Certainly there isn’t a working mother out there who can’t relate to this. The reality is there are only 24-hours in a day, and it’s difficult to balance the demands of a high-pressured career and be home in time to have dinner with your family. And while gender feminists will often blame outdated gender roles for this pressure, the reality is that many working women want to be able to embrace their roles as mothers (and wives).
What’s more Ryan is worried that if he does run for Speaker, he’d be taking on the additional stress without the support of the whole party. Another valid concern when one thinks about the factions within the GOP today. And it’s hard to criticize Ryan for hesitating to trade his current lifestyle (which is already pretty exciting) for a far more demanding and at times ugly position, knowing that he doesn’t really have the full backing from his colleagues.
Certainly plenty of women can likely relate to the idea that all the pressure of the workplace – the aggravations of working for an unpleasant boss or coworkers, all while shoveling out more money for childcare – might not seem that appealing. And without the security that day-to-day interactions are going to be at least agreeable, many of us might choose to lean out.
But like so many working mothers Ryan feels conflicted. As he said in a statement yesterday it’s clearly an honor to be considered for the role. And he expressed particular ambivalence about how his children would view him down the road if they thought he turned down the opportunity lead his country in a time of need.

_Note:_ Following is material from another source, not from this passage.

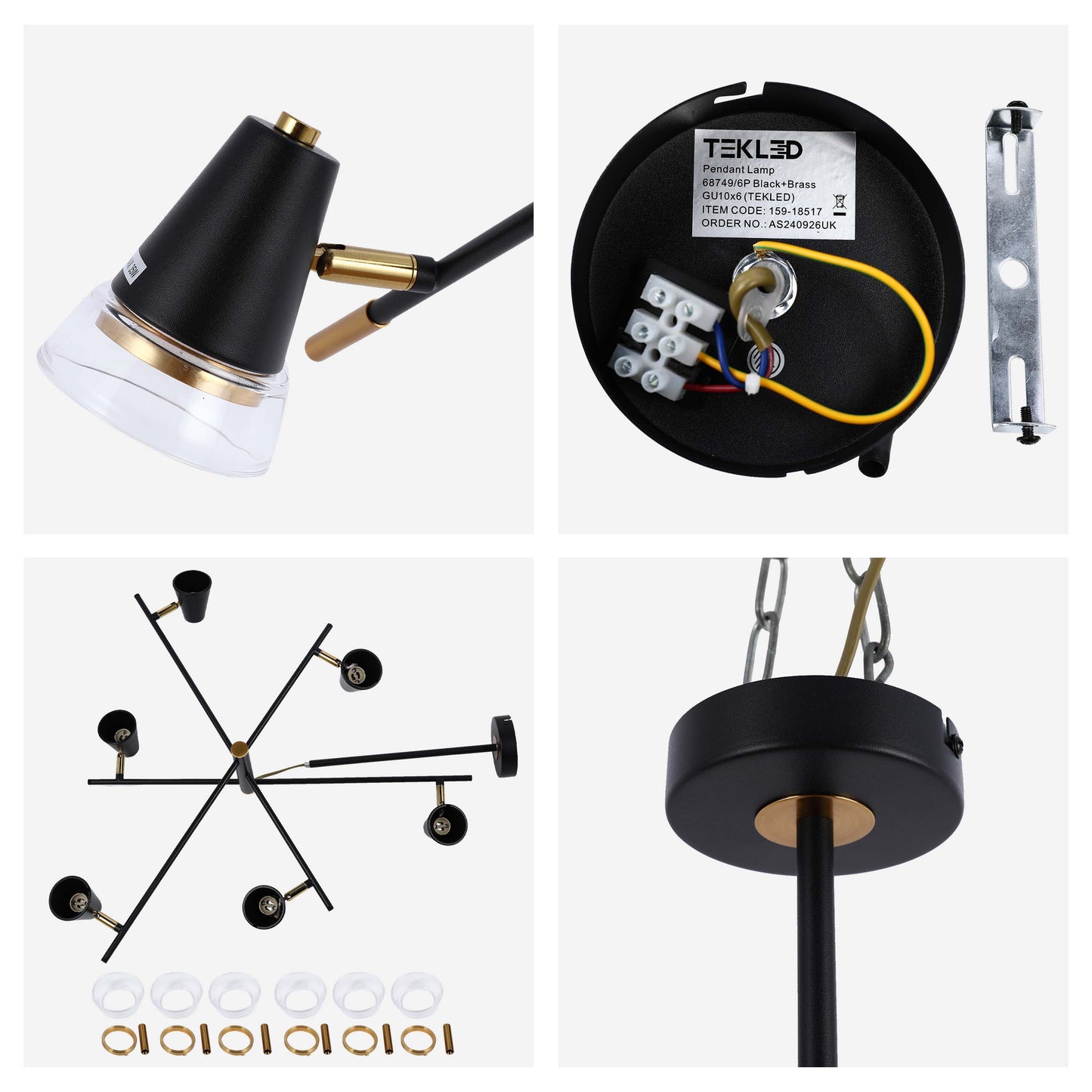 Modern Black & Brass Multi-Arm Spotlight, GU10 Dimmable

Certainly these are concerns a lot of women I know grapple with on a smaller scale. So often we talk about women’s success in the workplace in terms of “identity integration” and socially constructed gender roles; but sometimes it’s much simpler than that. For many women, the challenge of moving up the corporate ladder isn’t a function of gender bias or fears of social backlash – it’s the same personal ambivalence expressed by Rep. Ryan (and I suspect many men today).
Paul Ryan has some big decisions to make in the coming days. And he might not get everything he wants – most of us don’t. But Paul Ryan has served as a great example by doing something too few of us, especially women, are often willing to do: He’s clearly stated what he wants.
Asking doesn’t necessarily get you what you want, but it makes it more likely women (and men) can strike the work-life balance they desire. And I think Sheryl Sandberg would applaud all of us for that.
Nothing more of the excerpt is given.